AFL-CIO President Richard Trumka made the following statement after China’s latest currency manipulation:
China’s recent currency devaluation – to 4.4% over the past three days – provides further confirmation that the failure to include enforceable currency disciplines in the TPP leaves a gaping hole in U.S. trade policy.
China’s currency manipulation lowers the wages of Chinese workers and lowers manufacturing costs in China, creating an unfair trade advantage that has already cost millions of American jobs and closed thousands of American factories. This latest move, which will act as a tax on our exports and a subsidy for Chinese imports, further exacerbates the existing problem.
Japan, Singapore, and Malaysia are part of the proposed TPP club and they all have a history of egregious currency manipulation. Now, China’s actions risk triggering another round of currency devaluations among these and other TPP countries that will come at the expense of American workers.
The failure to address currency manipulation and undervaluation, not just by China, has been a major cause of the US trade deficit and manufacturing decline. It has turned trade agreements into trade tragedies and made the trade deficit a major drag on economic recovery.
Our existing currency policy has failed.
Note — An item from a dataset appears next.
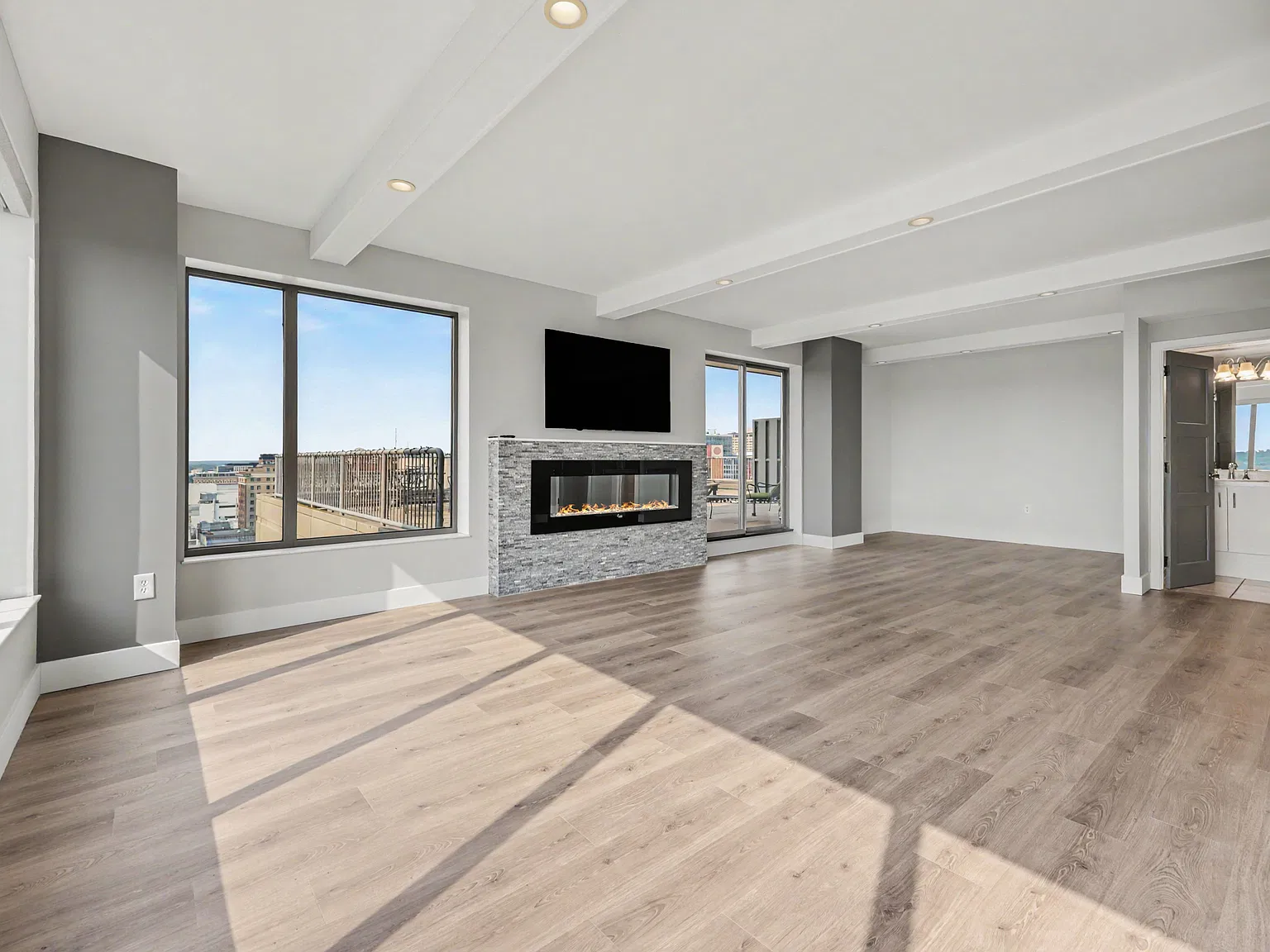 1 bed, 1100 sqft, $3,695 — Photo 3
This devaluation undoes four years of progress in rebalancing China’s unfair currency advantage. Relying on China’s good will regarding its exchange rate is a dangerous folly that leaves the U.S. economy and working families exposed.
These developments highlight the importance of insisting that the accession of new entrants to the TPP—should the TPP be concluded and enacted into law—be subject to approval by Congress. And now is the time for the Administration to insist upon currency rules in the TPP that can and will be enforced through trade sanctions. Such rules would also bind China should it ever join such a pact, and those rules could then become a global template for putting an end to the scourge of currency manipulation and undervaluation.